**Instructions for the task**
Reproduce exactly, and only, the lines of the material below running from the line bearing "Sykkelshorts med nedbrettbar" through the line bearing "Autumn scene. Water". Leave any pictures out.
*** Records shown Section Begins ***
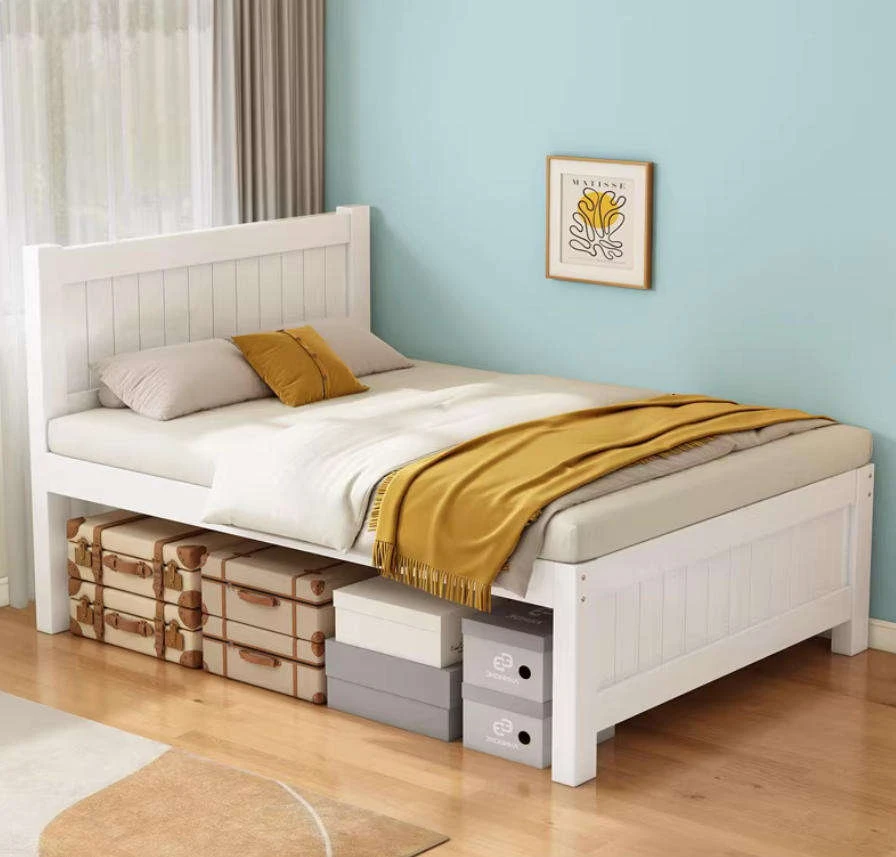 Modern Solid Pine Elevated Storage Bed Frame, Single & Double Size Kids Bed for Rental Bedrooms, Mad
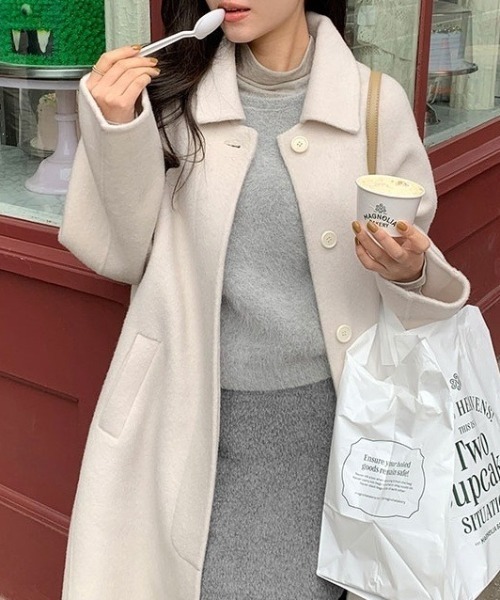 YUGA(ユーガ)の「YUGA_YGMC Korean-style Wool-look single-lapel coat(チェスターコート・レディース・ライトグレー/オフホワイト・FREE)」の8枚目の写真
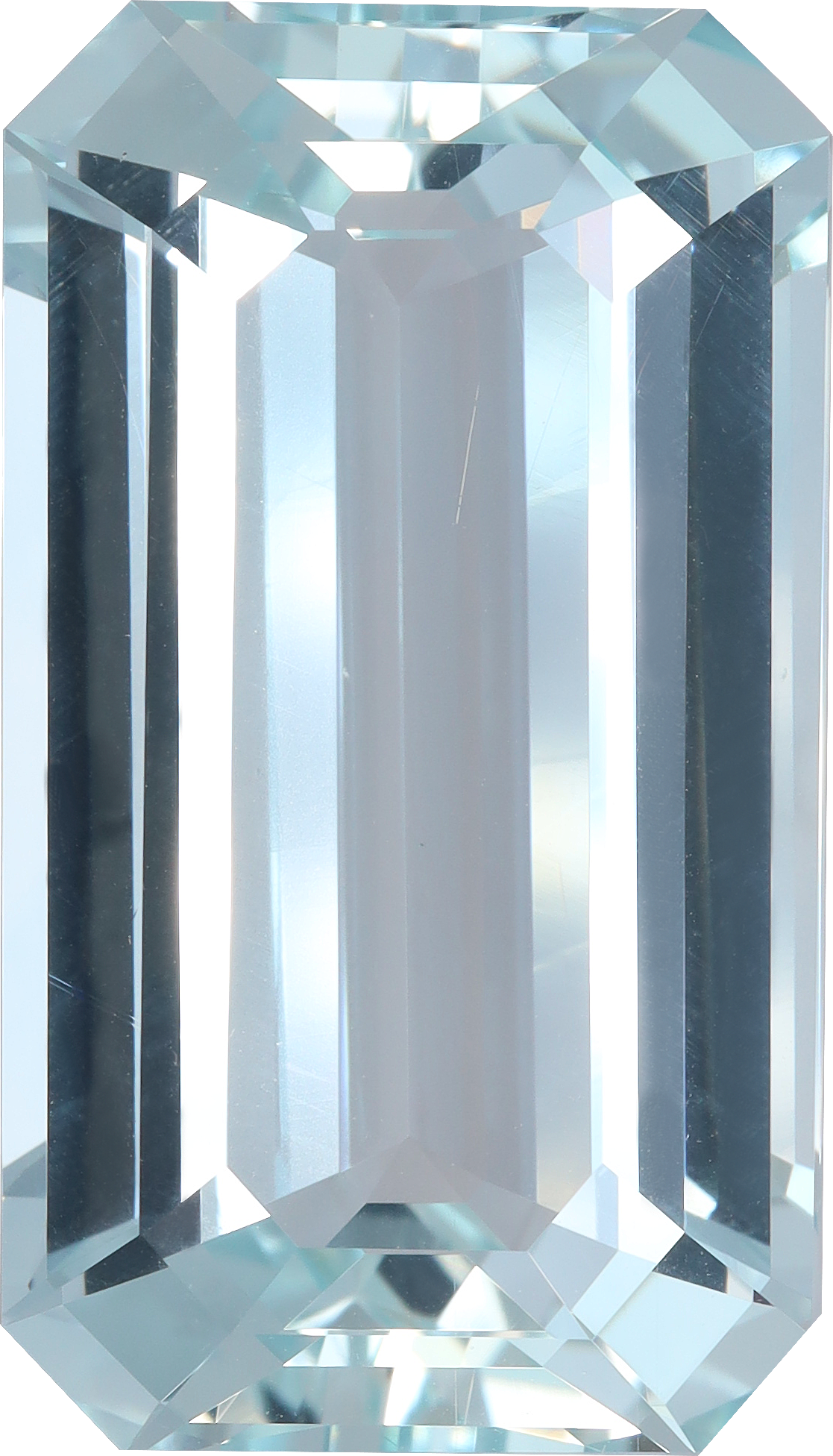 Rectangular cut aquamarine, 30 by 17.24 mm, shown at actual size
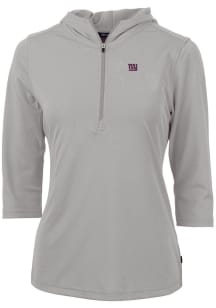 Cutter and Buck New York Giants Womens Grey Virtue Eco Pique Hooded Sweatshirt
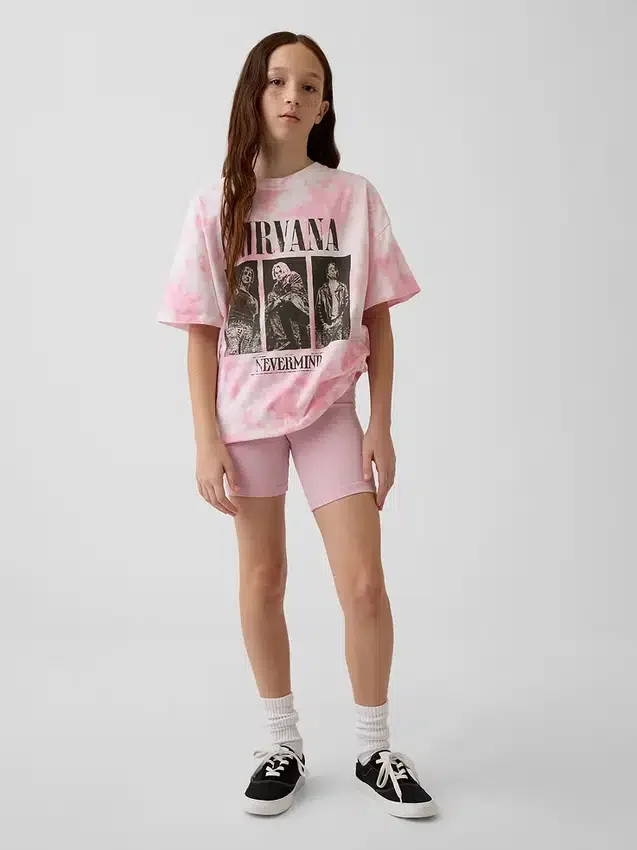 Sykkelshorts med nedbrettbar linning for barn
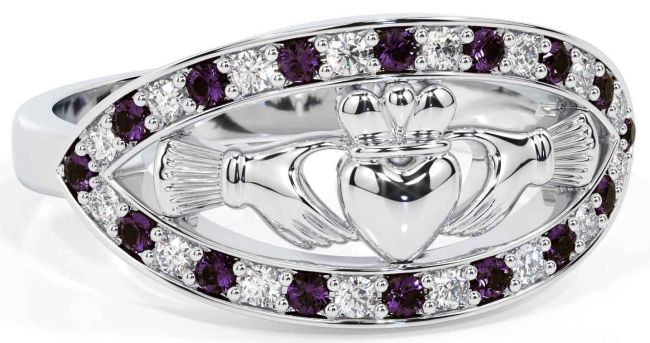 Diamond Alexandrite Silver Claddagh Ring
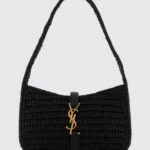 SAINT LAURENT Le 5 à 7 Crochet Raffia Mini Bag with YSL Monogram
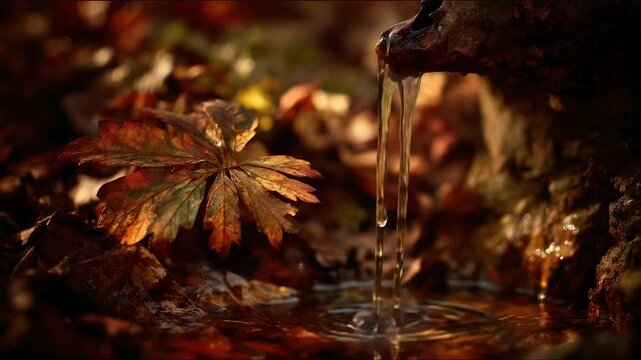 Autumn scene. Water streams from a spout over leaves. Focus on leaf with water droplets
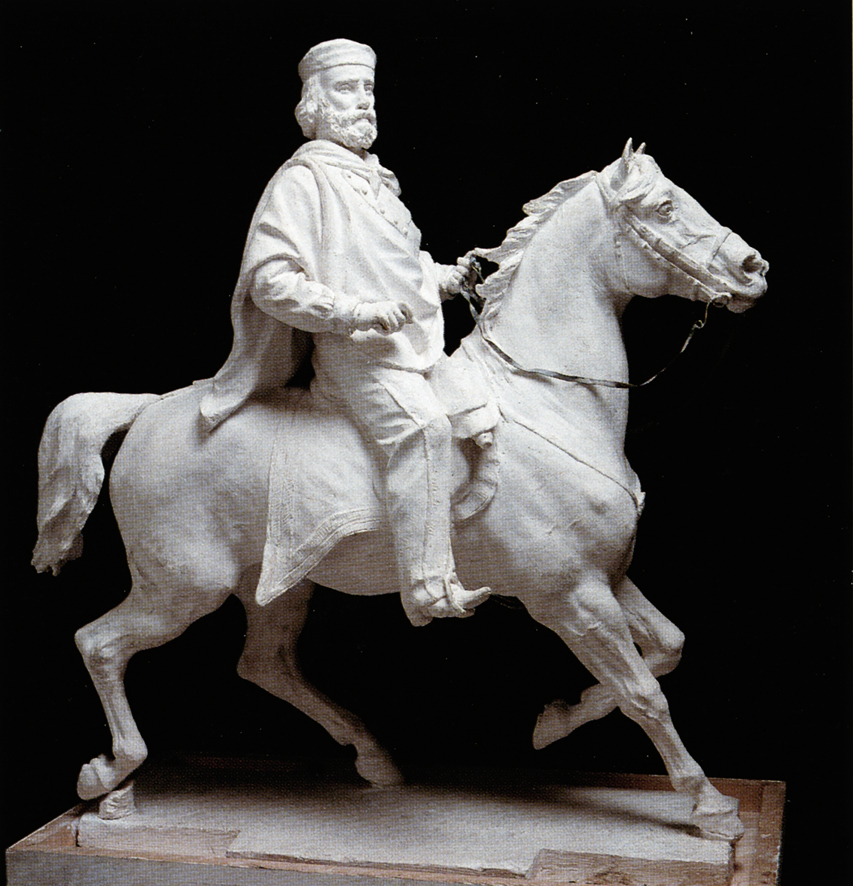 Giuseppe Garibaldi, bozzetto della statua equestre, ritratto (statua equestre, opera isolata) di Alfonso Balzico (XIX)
*** Records shown Section Ends ***
**Expected output**
 Sykkelshorts med nedbrettbar linning for barn
 Diamond Alexandrite Silver Claddagh Ring
 SAINT LAURENT Le 5 à 7 Crochet Raffia Mini Bag with YSL Monogram
 Autumn scene. Water streams from a spout over leaves. Focus on leaf with water droplets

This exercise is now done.